Conclusion and Key Takeaways
- Rigorous Analysis: Cursor's deep-dive is highly technical, detailing performance metrics (e.g., ~1000 tokens/s, 3500 char/s) and comparing different model architectures.
- Clear Structure: By dividing code editing into planning and apply phases, they simplify a complex problem into manageable components.
- Innovative Approach: Their use of speculative edits as a deterministic mechanism to forecast future tokens is a notable innovation that yields significant speedups.
- Transparency and Future Focus: Discussing challenges like long-context training and model distillation offers readers insight into ongoing research directions. Overall, Cursor's technical blog sets a high standard for detailed and insightful analysis in the AI-driven code editing space.
Comparison with morph-v0
We've been working on a similar approach to Cursor Composer and Apply, but with a focus on speed and accuracy.
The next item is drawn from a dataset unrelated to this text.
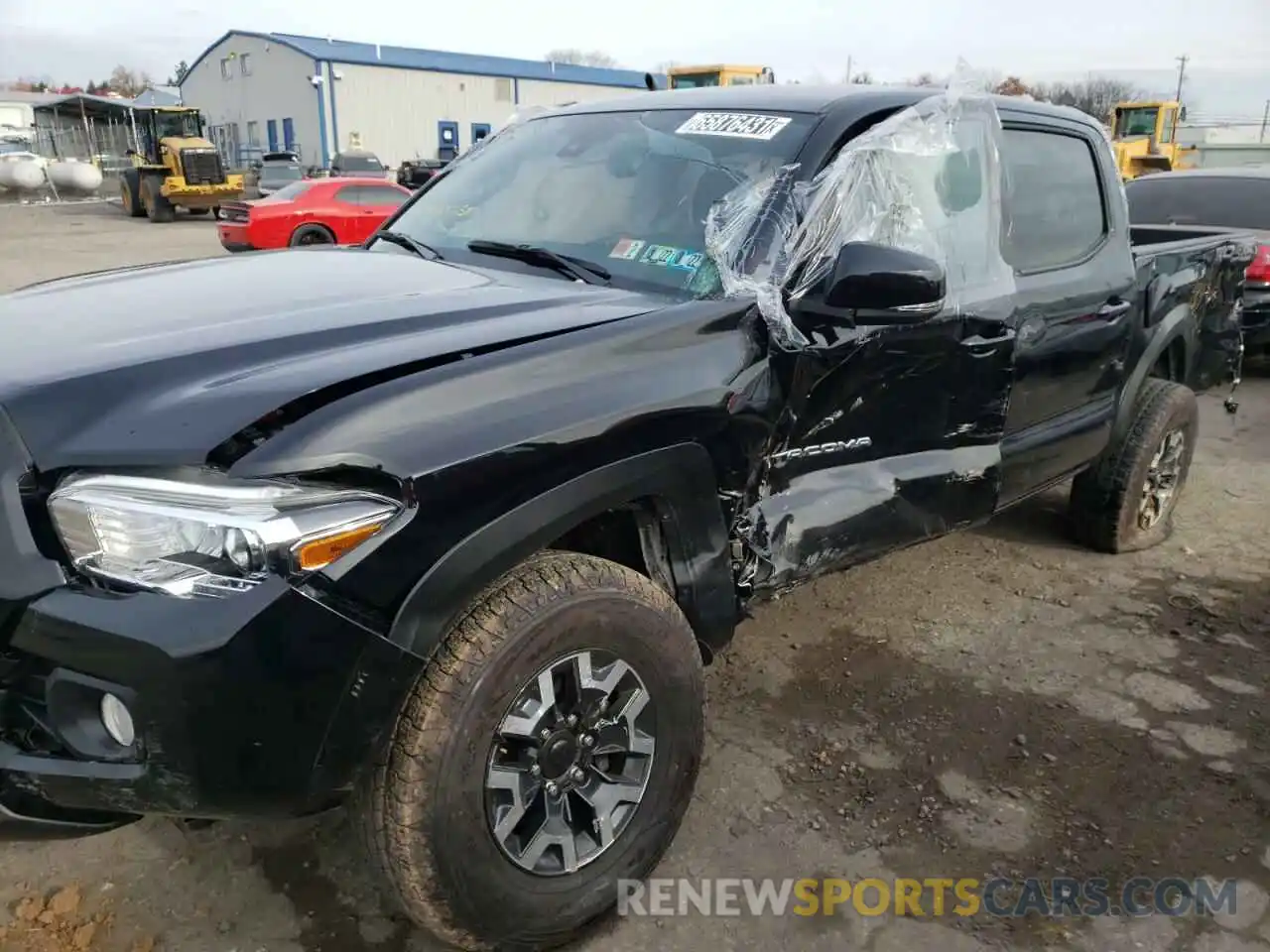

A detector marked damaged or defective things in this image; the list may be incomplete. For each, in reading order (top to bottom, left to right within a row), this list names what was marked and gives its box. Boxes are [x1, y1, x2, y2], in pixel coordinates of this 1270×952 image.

broken windshield [381, 108, 818, 294]
dented door [734, 309, 1012, 599]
Our approach is to use a specialized model to plan the changes, and then use a different specialized model to apply the changes.
We've achieved:
- 1000 tokens/s processing speed
- Consistent performance across file sizes up to 1500 lines
Observations
- Linear scaling of RoPE ids does not scale well. This task needs to be trained on a large dataset of code edits, with long input squence and output sequence lengths.
- For large files this is incredibly memory intensive, and requires a lot of compute.
- Recent process reward modeing shows promise, but it would slow applies down. The reward model would need to output diffs and the output content would need to prove to be more useful context for it than the original code.